======== Listed records
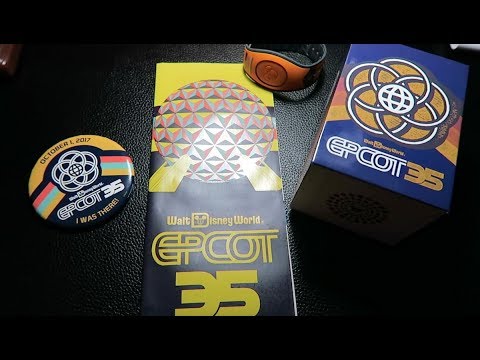 EPCOT 35th Anniversary Button + Commemorative Map + MagicBand!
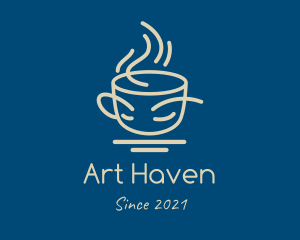 Hot Coffee Line Art  logo design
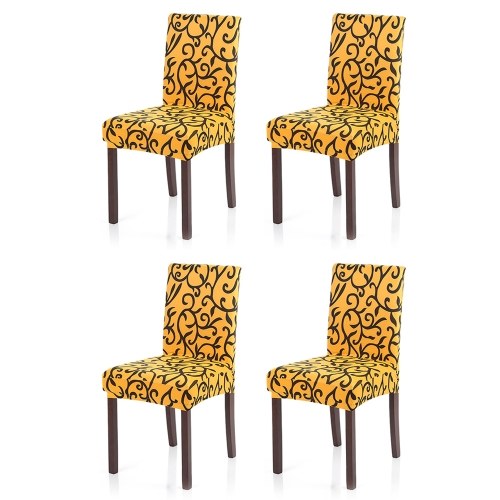 4pcs Stretch Removable Washable Short Dining Seat Cover Soft Milk Silk Spandex Printing Chair Cover Slipcover for Wedding Party Hotel Dining Room Ceremony Chair Seat Covers Champagne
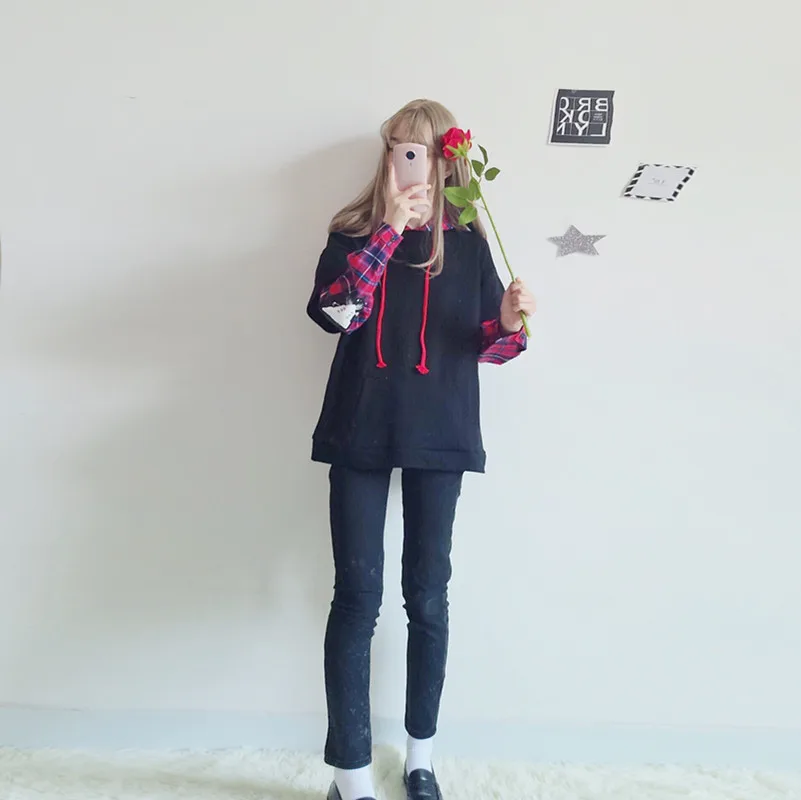 Японский милый уличный модный Женский свитшот Harajuku Kawaii Cat принт клетчатые толстовки черный спортивный костюм пуловер Женский свитшот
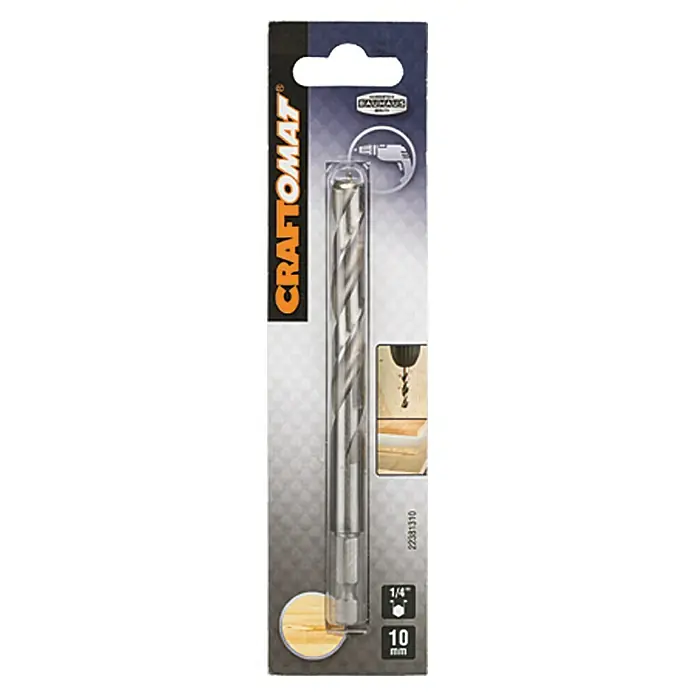 Craftomat Holzbohrer - 1 Stk., Durchmesser Bohrer: 10 mm, Arbeitslänge: 87 mm - Verpackte CRAFTOMAT Holzbohrer mit 1/4" und 10 mm Größe, ideal zum präzisen Bohren in Holzprojekten.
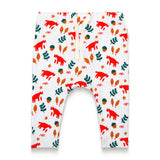 Stylish toddler boy slouchy pants featuring a vibrant fox forest print with playful foxes, leaves, and acorns, perfect for adding a cozy and fun touch to your little one's everyday wardrobe.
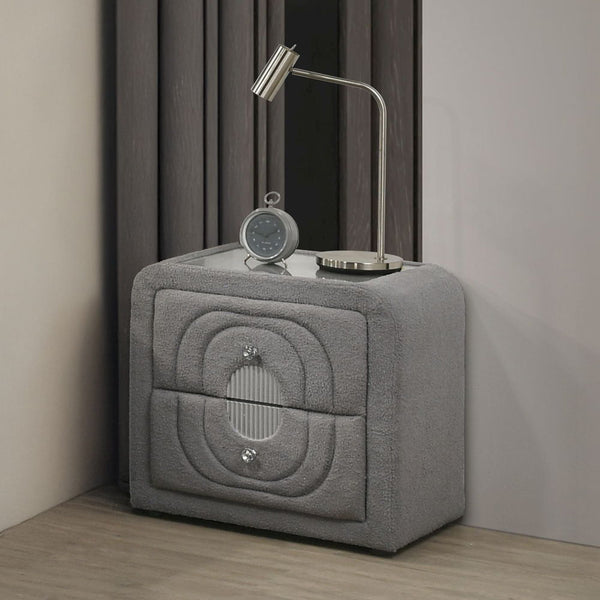 Shelyn - Nightstand Gray Teddy Sherpa & Chrome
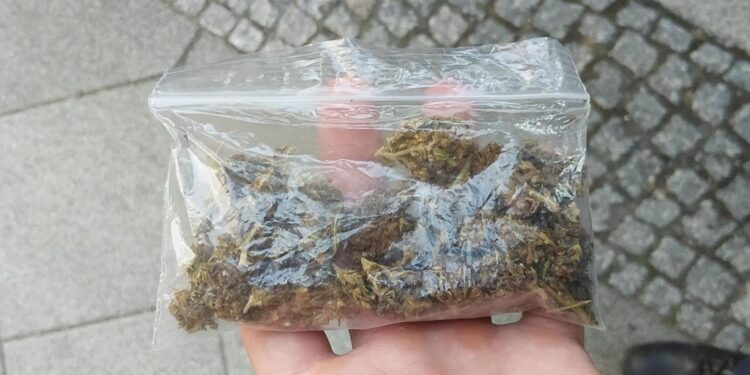 35-latek z marihuaną zatrzymany na Moście Staromiejskim. Sam przyznał się do jej posiadania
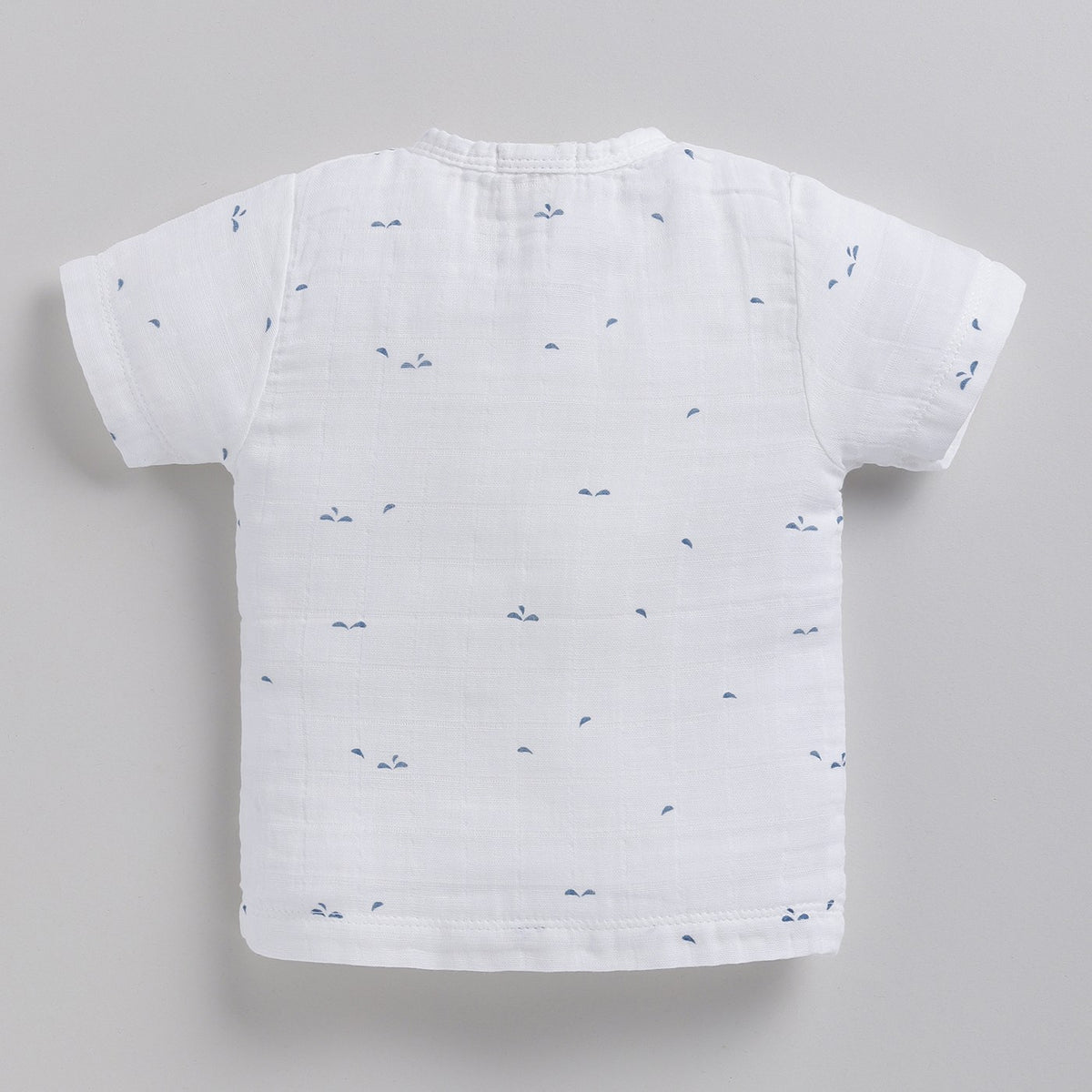 Half Sleeve Organic Muslin Blue Dot Print Jhabla Top-Blue Dot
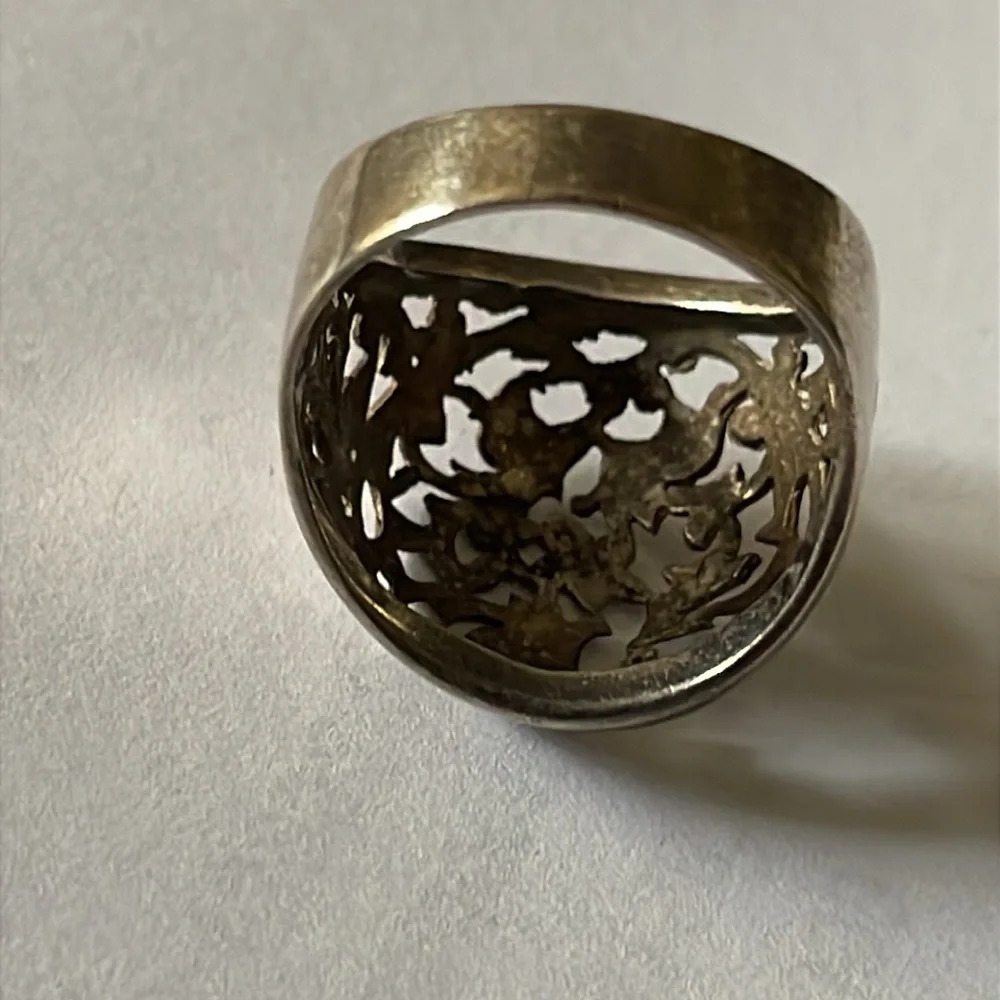 Sterling Silver .925 Filigree floral Dome Ring Vintage - Picture 3 of 10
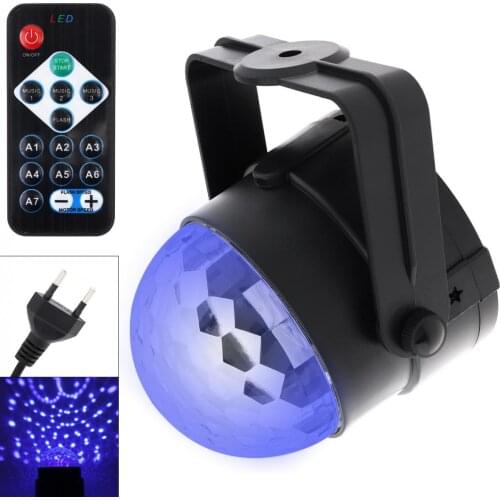 AC100 - 240V 3W Mini Crystal Magic Ball UV Purple Light Rotating Disco Stage Light with Remote Control for KTV/Stage/Home/Car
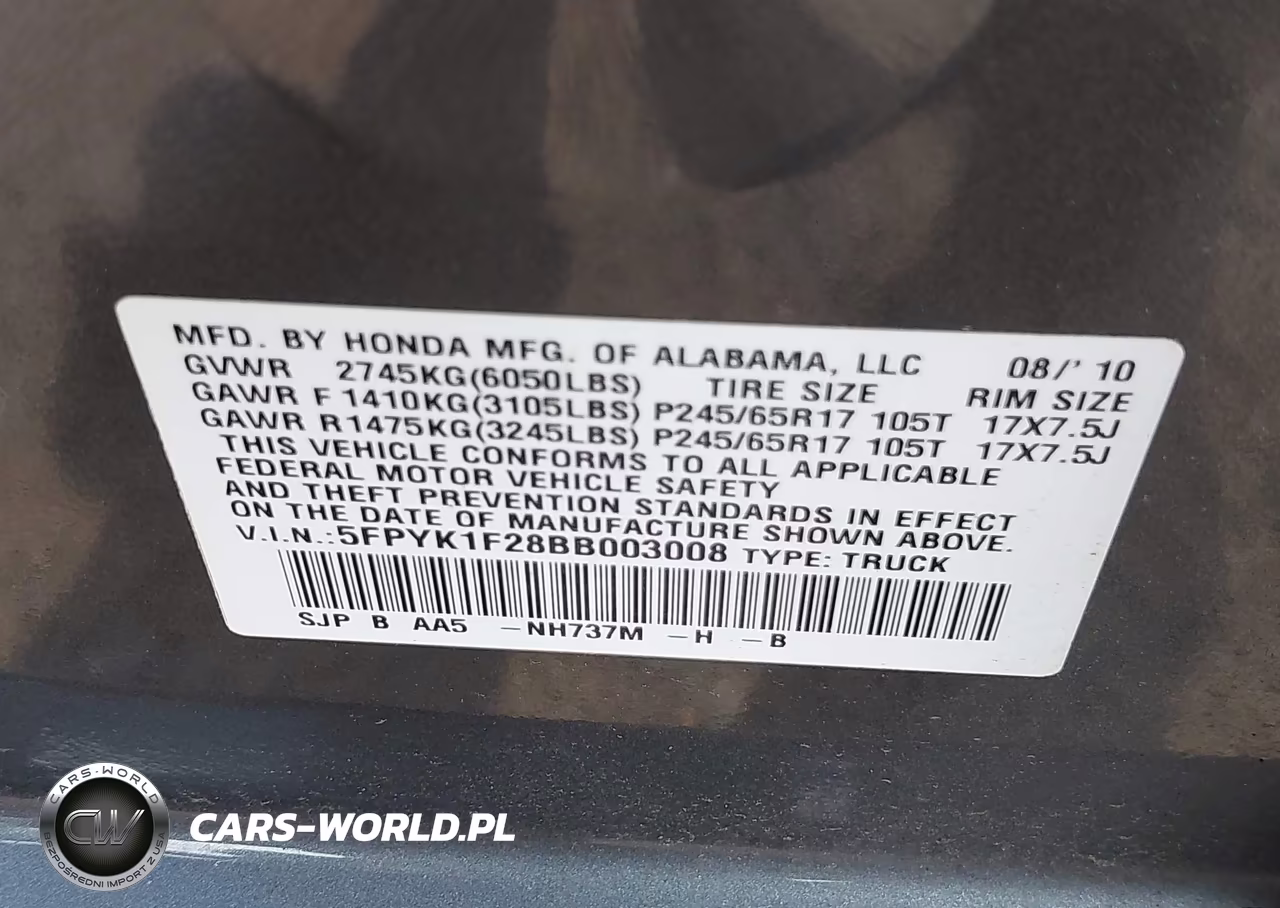 2011 Honda Ridgeline Rt VIN:5FPYK1F28BB003008 - 9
================
Task item:
Each entry above should be given again exactly, with its pictures omitted.

Task answer:
 EPCOT 35th Anniversary Button + Commemorative Map + MagicBand!
 Hot Coffee Line Art  logo design
 4pcs Stretch Removable Washable Short Dining Seat Cover Soft Milk Silk Spandex Printing Chair Cover Slipcover for Wedding Party Hotel Dining Room Ceremony Chair Seat Covers Champagne
 Японский милый уличный модный Женский свитшот Harajuku Kawaii Cat принт клетчатые толстовки черный спортивный костюм пуловер Женский свитшот
 Craftomat Holzbohrer - 1 Stk., Durchmesser Bohrer: 10 mm, Arbeitslänge: 87 mm - Verpackte CRAFTOMAT Holzbohrer mit 1/4" und 10 mm Größe, ideal zum präzisen Bohren in Holzprojekten.
 Stylish toddler boy slouchy pants featuring a vibrant fox forest print with playful foxes, leaves, and acorns, perfect for adding a cozy and fun touch to your little one's everyday wardrobe.
 Shelyn - Nightstand Gray Teddy Sherpa & Chrome
 35-latek z marihuaną zatrzymany na Moście Staromiejskim. Sam przyznał się do jej posiadania
 Half Sleeve Organic Muslin Blue Dot Print Jhabla Top-Blue Dot
 Sterling Silver .925 Filigree floral Dome Ring Vintage - Picture 3 of 10
 AC100 - 240V 3W Mini Crystal Magic Ball UV Purple Light Rotating Disco Stage Light with Remote Control for KTV/Stage/Home/Car
 2011 Honda Ridgeline Rt VIN:5FPYK1F28BB003008 - 9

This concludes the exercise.